• [What the task requires] Once you reach the line with "Q5 2.0 TFSI" below, copy each line exactly, stopping after the line with "Download Lagu Annual Gyapsi puja @Hong Kong 🇭🇰 MP3 Download", and skip any pictures.

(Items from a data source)

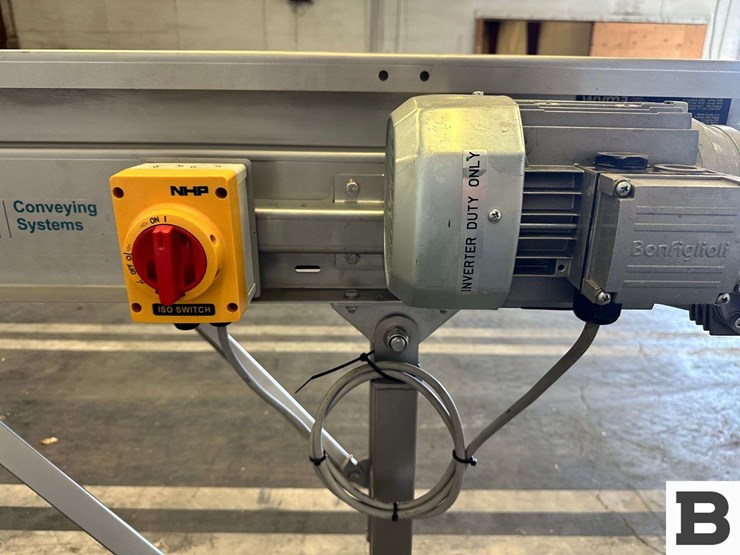2020-wyma-coss-conveyor---syracuse,-ut-image-10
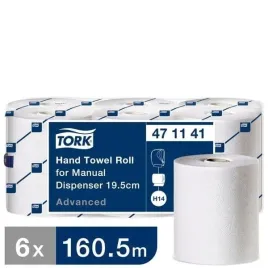 recznik-tork-w-rolce-16045-m-do-dozownika-manualnego-195-cm-471141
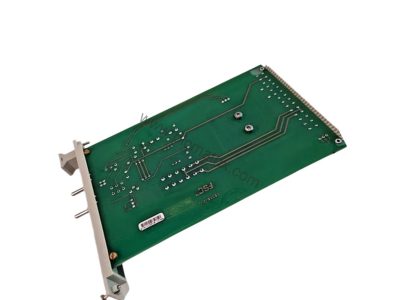 Honeywell 10310/2/1 Earth Leakage Detector (ELD) for DC Systems - Industrial Automation Parts from BluePLC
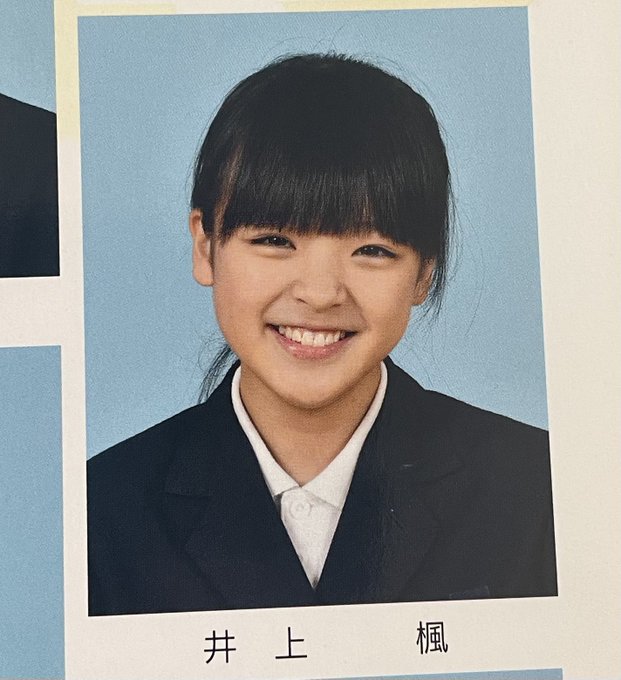 桜空かえのTwitter画像7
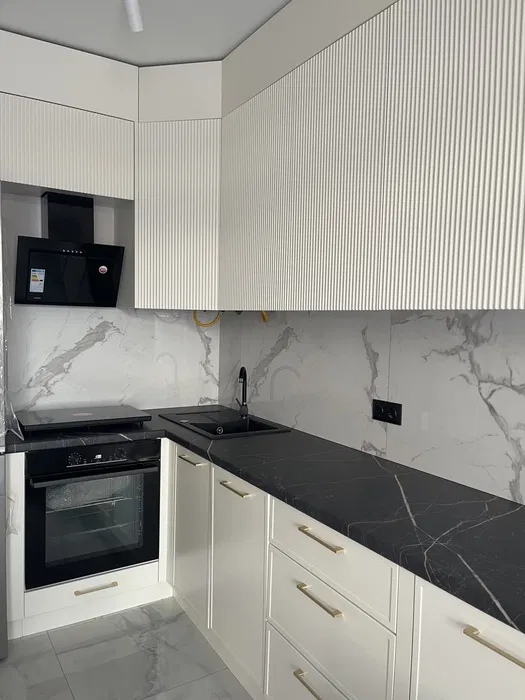 ОРЕНДА 1К КВ ЖК Family Residence, м.Солонка, Львівська область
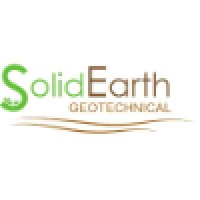 SolidEarth Geotechnical Inc.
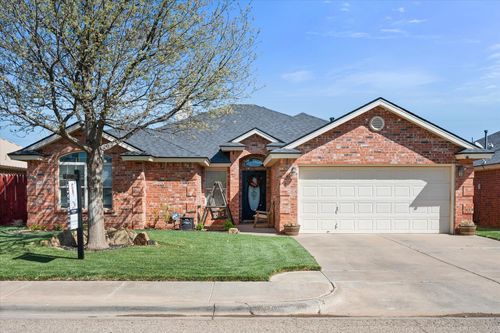 5704 107th Street, Lubbock, TX, 79424 | Card Image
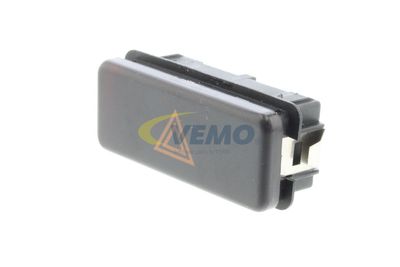 COMUTATOR LUMINI DE AVARIE VEMO V20730032 10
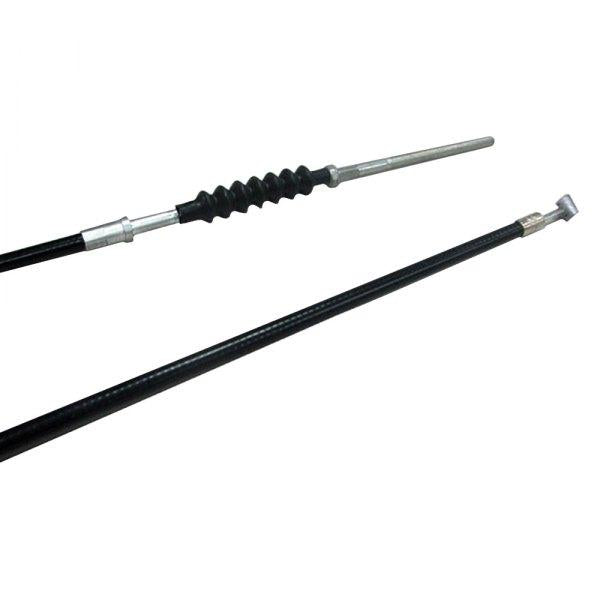 Cable Hand Brake 85-87 Trx250, Bronco 102-141 Honda Atv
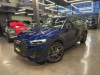 Q5 2.0 TFSI S LINE BLACK QUATTRO S TRONIC 4P - 2021 - CAXIAS DO SUL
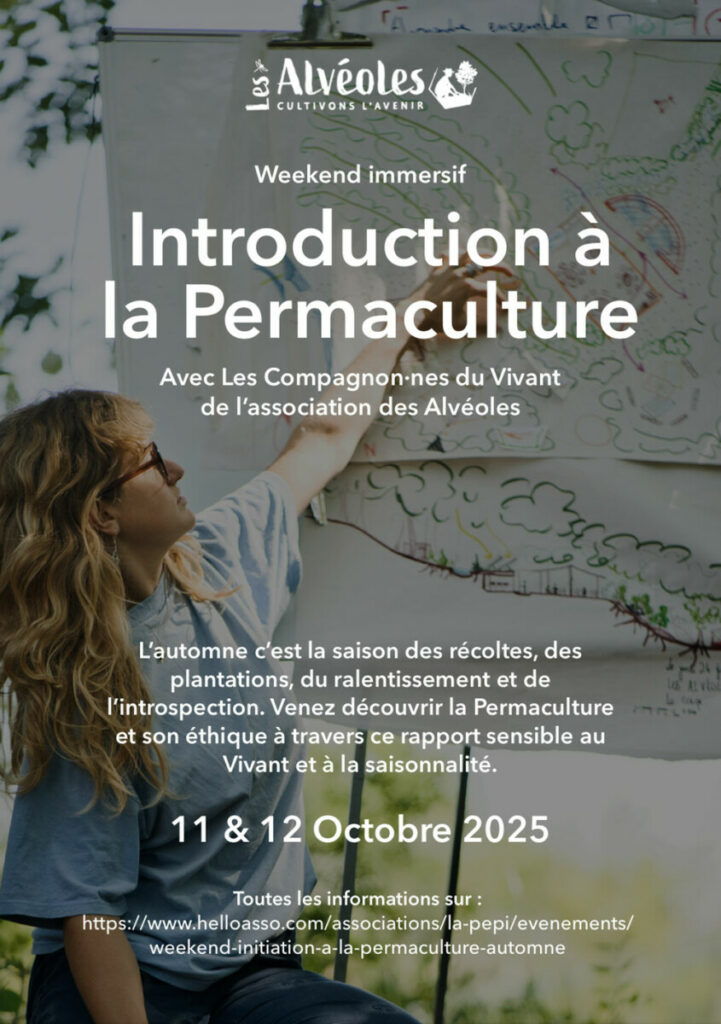 Les-Alvéoles---Weekend-Permaculture-2025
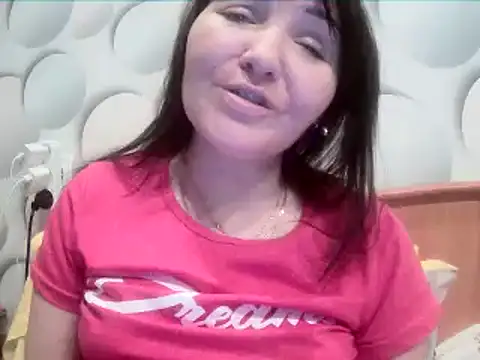 ClaireSunset online show from March 29, 2026, 5:58 pm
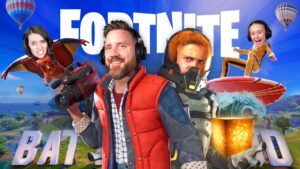 Latest Uploads // K-CITY GAMING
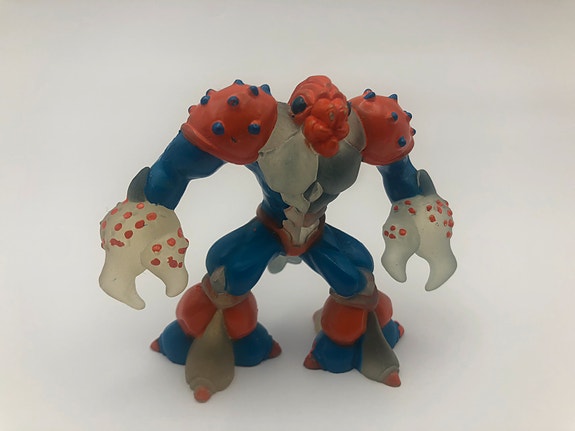 Product image 1 of 7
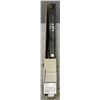 Image 1 : Siemens #6FC5247-0AA00-0AA2 Sinumerik 840D NCU-Box 13A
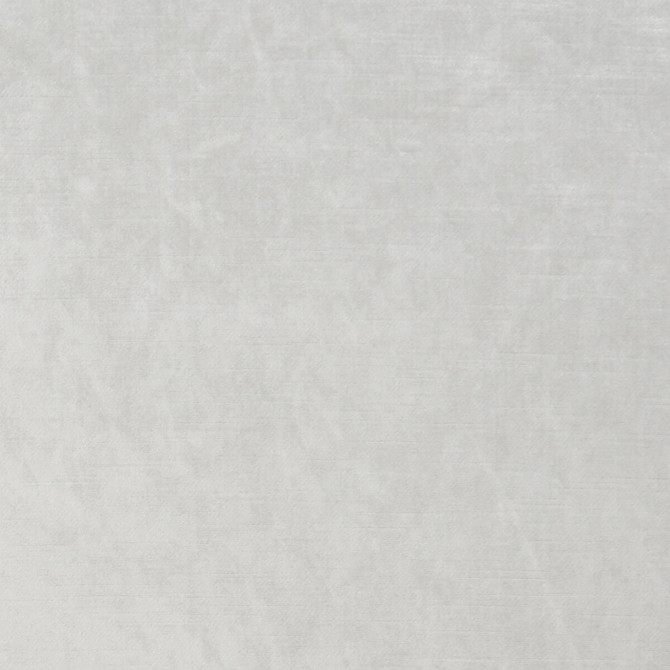 Allure Pearl by Clarke And Clarke Fabric CLARKE & CLARKE ALLURE POLYESTER - 100% India HEAVY Horizontal: 0 and Vertical: 0 57 - Fabric Carolina -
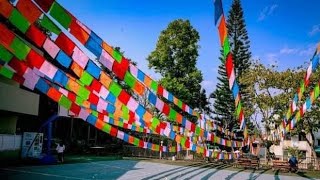 Download Lagu Annual Gyapsi puja @Hong Kong 🇭🇰 MP3 Download Lagu Annual Gyapsi puja @Hong Kong 🇭🇰 MP3
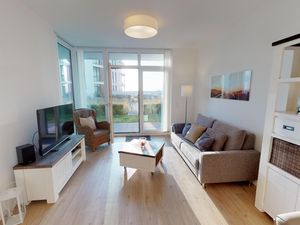 23677206-Ferienwohnung-4-Pelzerhaken-300x225-0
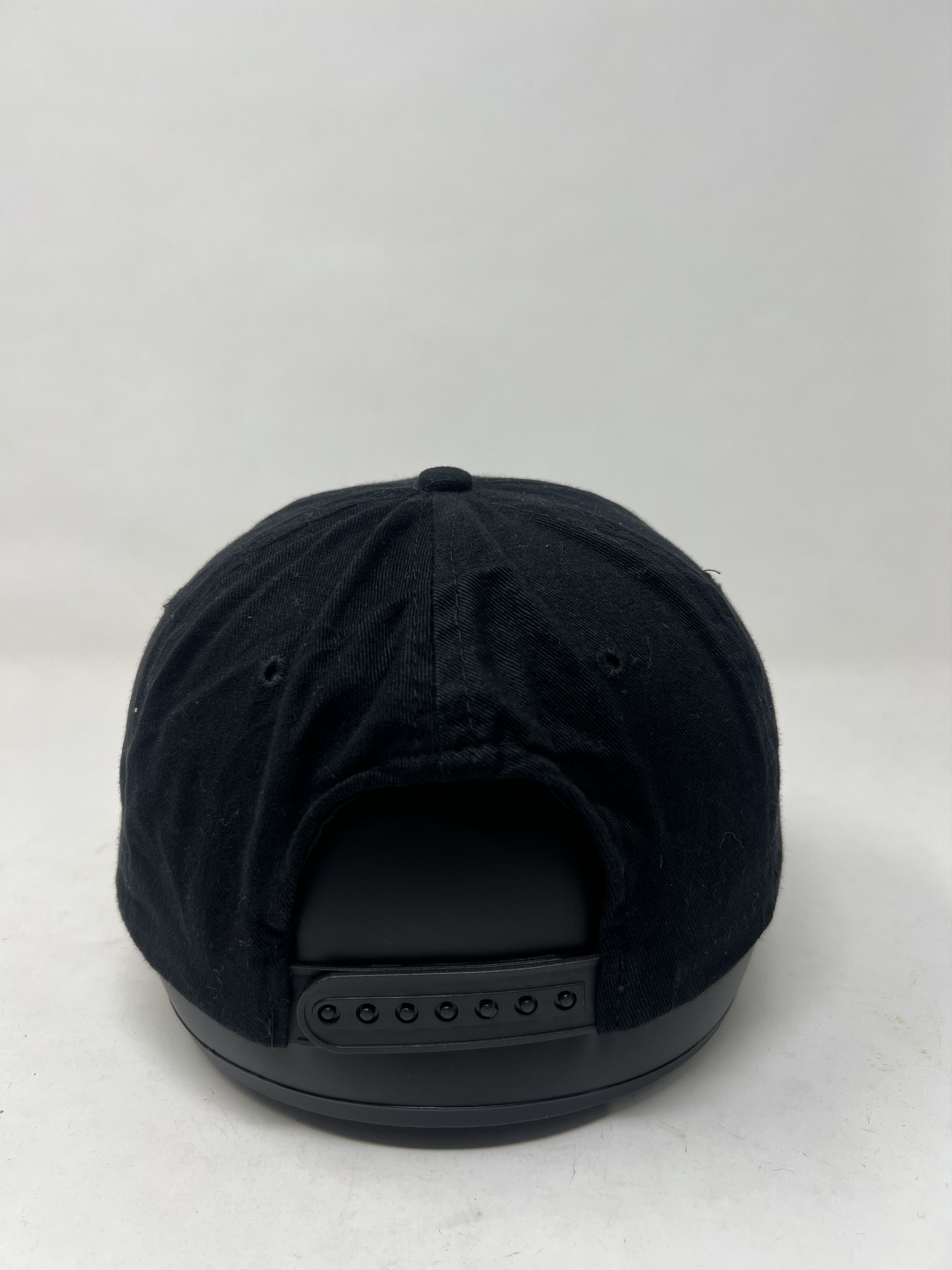 Vintage Flagger Cider Hat Size ONE SIZE - 3 Thumbnail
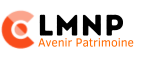 LMNP Avenir Patrimoine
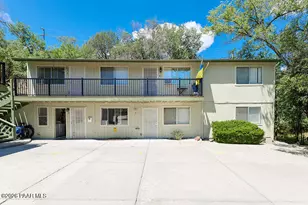 314 S Virginia St, Prescott, AZ 86303 - Photo 3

• [Exercise result]
 Q5 2.0 TFSI S LINE BLACK QUATTRO S TRONIC 4P - 2021 - CAXIAS DO SUL
 Les-Alvéoles---Weekend-Permaculture-2025
 ClaireSunset online show from March 29, 2026, 5:58 pm
 Latest Uploads // K-CITY GAMING
 Product image 1 of 7
 Image 1 : Siemens #6FC5247-0AA00-0AA2 Sinumerik 840D NCU-Box 13A
 Allure Pearl by Clarke And Clarke Fabric CLARKE & CLARKE ALLURE POLYESTER - 100% India HEAVY Horizontal: 0 and Vertical: 0 57 - Fabric Carolina -
 Download Lagu Annual Gyapsi puja @Hong Kong 🇭🇰 MP3 Download Lagu Annual Gyapsi puja @Hong Kong 🇭🇰 MP3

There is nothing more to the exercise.